Recorded data Start Marker

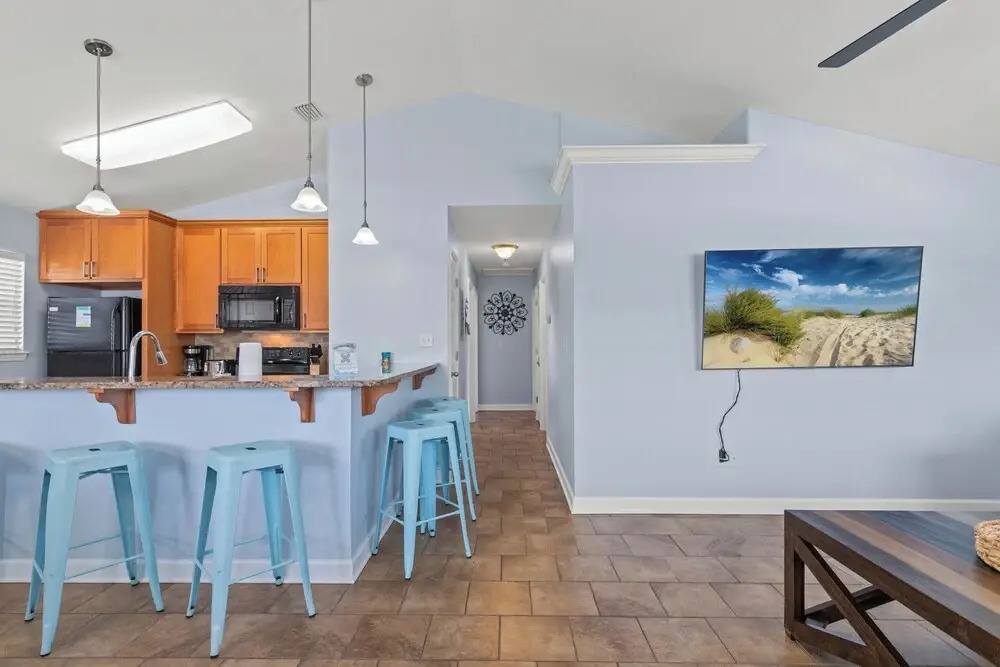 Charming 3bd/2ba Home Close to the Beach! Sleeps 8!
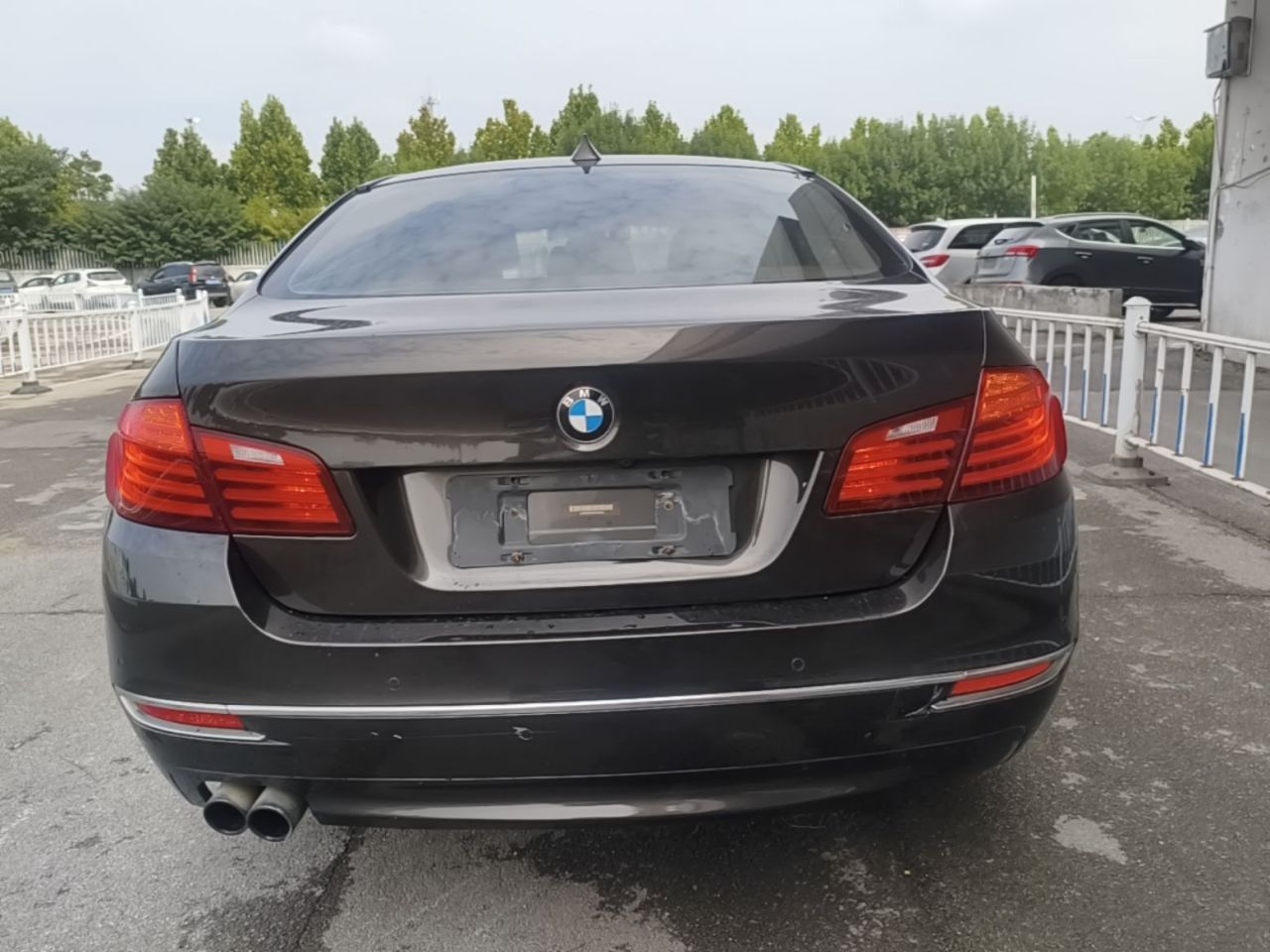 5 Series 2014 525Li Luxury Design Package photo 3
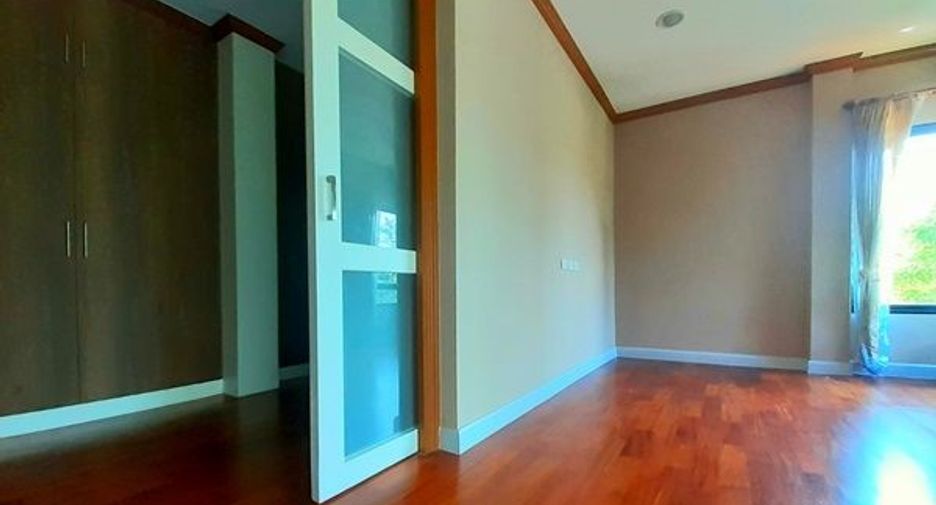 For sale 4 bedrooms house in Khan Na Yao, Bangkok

Recorded data End Marker

**About this exercise**
Print every line of the material exactly as written, but drop the pictures.

**Reply**
 Charming 3bd/2ba Home Close to the Beach! Sleeps 8!
 5 Series 2014 525Li Luxury Design Package photo 3
 For sale 4 bedrooms house in Khan Na Yao, Bangkok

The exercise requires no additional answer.